Condemnation of the affirmation that God is the same as the nature of things

[Condemned:] No supreme, all wise, and all provident divine Godhead exists, distinct from this world of things, and God is the same as the nature of things and, therefore, liable to changes; and God comes into being in man and in the universe, and all things are God and they have the same substance of God; and God is one and the same as the world, and therefore, also, spirit is one and the same with matter, necessity with liberty, the true with the false, the good with the evil, and the just with the unjust. (Denzinger-Hünermann 2901. Pius IX. Syllabus, December 8, 1864)

Vatican Council I (Ecumenical XX)

God is not an indefinite or universal being

[Against pantheism]: If anyone shall say that one and the same thing is the substance or essence of God and of all things: let him be anathema.
[Against special forms of pantheism]: If anyone shall say that finite things, both corporeal and spiritual, or at least the spiritual, have emanated from the divine substance, or, that the divine essence by a manifestation or evolution of itself becomes all things, or, finally, that God is universal or indefinite being, because by determining Himself, He created all things distinct in genera, in species, and in individuals: let him be anathema. (Denzinger-Hünermann 3023-3024. Vatican Council I, Dogmatic Constitution Dei Filius, April 24, 1870)

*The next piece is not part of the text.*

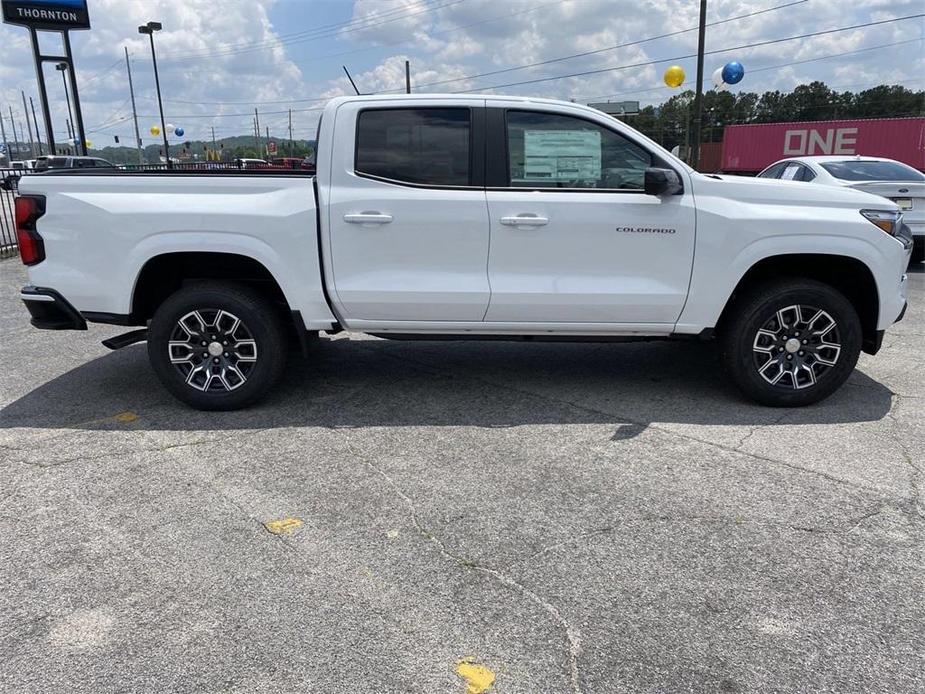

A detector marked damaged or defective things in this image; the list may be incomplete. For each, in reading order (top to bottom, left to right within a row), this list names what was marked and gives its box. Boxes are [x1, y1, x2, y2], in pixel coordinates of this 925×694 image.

cracked pavement [0, 262, 920, 694]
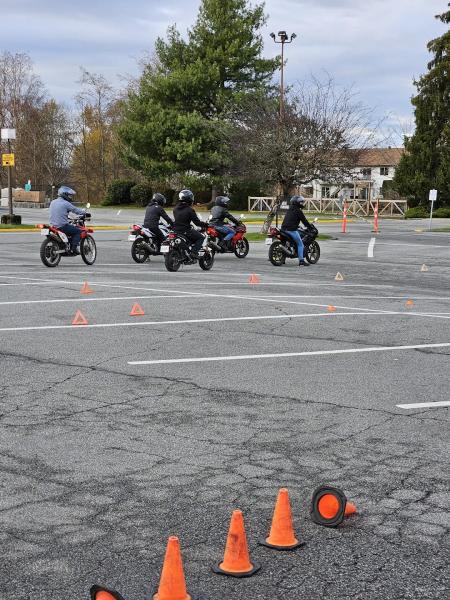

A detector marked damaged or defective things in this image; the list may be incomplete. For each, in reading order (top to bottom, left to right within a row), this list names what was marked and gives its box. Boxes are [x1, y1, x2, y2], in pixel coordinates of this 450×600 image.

God is distinct in reality and essence from the world

[The one, living, and true God and His distinction from all things] The holy, Catholic, Apostolic, Roman Church believes and confesses that there is one, true, living God, Creator and Lord of heaven and earth, omnipotent, eternal, immense, incomprehensible, infinite in intellect and will, and in every perfection; who, although He is one, singular, altogether simple and unchangeable spiritual substance, must be proclaimed distinct in reality and essence from the world; most blessed in Himself and of Himself, and ineffably most high above all things which are or can be conceived outside Himself [can. 1-4]. (Denzinger-Hünermann 3001. Vatican Council I. Dogmatic Constitution Dei Filius, April 24, 1870)

Pius X

Theological immanence: an enormous and pernicious error

And thus, Venerable Brethren, the road is open for us to study the Modernists in the theological arena – a difficult task, yet one that may be disposed of briefly. The end to be attained is the conciliation of faith with science, always, however, saving the primacy of science over faith. In this branch the Modernist theologian avails himself of exactly the same principles which we have seen employed by the Modernist philosopher, and applies them to the believer: the principles of immanence and symbolism. The process is an extremely simple one. The philosopher has declared: The principle of faith is immanent; the believer has added: This principle is God; and the theologian draws the conclusion: God is immanent in man. Thus we have theological immanence. So too, the philosopher regards as certain that the representations of the object of faith are merely symbolical; the believer has affirmed that the object of faith is God in Himself; and the theologian proceeds to affirm that: The representations of the divine reality are symbolical. And thus we have theological symbolism. Truly enormous errors both, the pernicious character of which will be seen clearly from an examination of their consequences. […] Concerning immanence it is not easy to determine what Modernists mean by it, for their own opinions on the subject vary. Some understand it in the sense that God working in man is more intimately present in him than man is in even himself, and this conception, if properly understood, is free from reproach. Others hold that the divine action is one with the action of nature, as the action of the first cause is one with the action of the secondary cause, and this would destroy the supernatural order. Others, finally, explain it in a way which savours of pantheism and this, in truth, is the sense which tallies best with the rest of their doctrines. (Pius X, Encyclical Pascendi Dominici gregis no.19, September 8, 1907)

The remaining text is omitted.